== THE TASK ==
Would you retype every record below exactly as written?

== INPUT DATA ==
————

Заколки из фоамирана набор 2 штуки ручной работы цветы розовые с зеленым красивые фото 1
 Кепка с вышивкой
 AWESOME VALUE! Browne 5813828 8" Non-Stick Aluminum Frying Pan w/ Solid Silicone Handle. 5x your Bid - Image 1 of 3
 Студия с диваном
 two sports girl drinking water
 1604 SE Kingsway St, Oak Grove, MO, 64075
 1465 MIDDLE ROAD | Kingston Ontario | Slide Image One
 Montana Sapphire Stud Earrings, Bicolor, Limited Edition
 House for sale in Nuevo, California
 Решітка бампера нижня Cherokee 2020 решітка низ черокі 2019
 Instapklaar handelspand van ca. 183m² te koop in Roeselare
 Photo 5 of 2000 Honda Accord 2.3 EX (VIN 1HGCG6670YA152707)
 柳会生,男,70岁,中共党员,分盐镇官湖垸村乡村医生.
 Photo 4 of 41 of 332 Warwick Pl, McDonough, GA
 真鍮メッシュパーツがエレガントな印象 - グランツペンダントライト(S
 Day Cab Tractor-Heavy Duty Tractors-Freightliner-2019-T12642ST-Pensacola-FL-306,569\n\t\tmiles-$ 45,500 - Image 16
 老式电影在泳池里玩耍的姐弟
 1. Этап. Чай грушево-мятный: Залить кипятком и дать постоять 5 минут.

————

== OUTPUT OF THE TASK ==
Заколки из фоамирана набор 2 штуки ручной работы цветы розовые с зеленым красивые фото 1
 Кепка с вышивкой
 AWESOME VALUE! Browne 5813828 8" Non-Stick Aluminum Frying Pan w/ Solid Silicone Handle. 5x your Bid - Image 1 of 3
 Студия с диваном
 two sports girl drinking water
 1604 SE Kingsway St, Oak Grove, MO, 64075
 1465 MIDDLE ROAD | Kingston Ontario | Slide Image One
 Montana Sapphire Stud Earrings, Bicolor, Limited Edition
 House for sale in Nuevo, California
 Решітка бампера нижня Cherokee 2020 решітка низ черокі 2019
 Instapklaar handelspand van ca. 183m² te koop in Roeselare
 Photo 5 of 2000 Honda Accord 2.3 EX (VIN 1HGCG6670YA152707)
 柳会生,男,70岁,中共党员,分盐镇官湖垸村乡村医生.
 Photo 4 of 41 of 332 Warwick Pl, McDonough, GA
 真鍮メッシュパーツがエレガントな印象 - グランツペンダントライト(S
 Day Cab Tractor-Heavy Duty Tractors-Freightliner-2019-T12642ST-Pensacola-FL-306,569\n\t\tmiles-$ 45,500 - Image 16
 老式电影在泳池里玩耍的姐弟
 1. Этап. Чай грушево-мятный: Залить кипятком и дать постоять 5 минут.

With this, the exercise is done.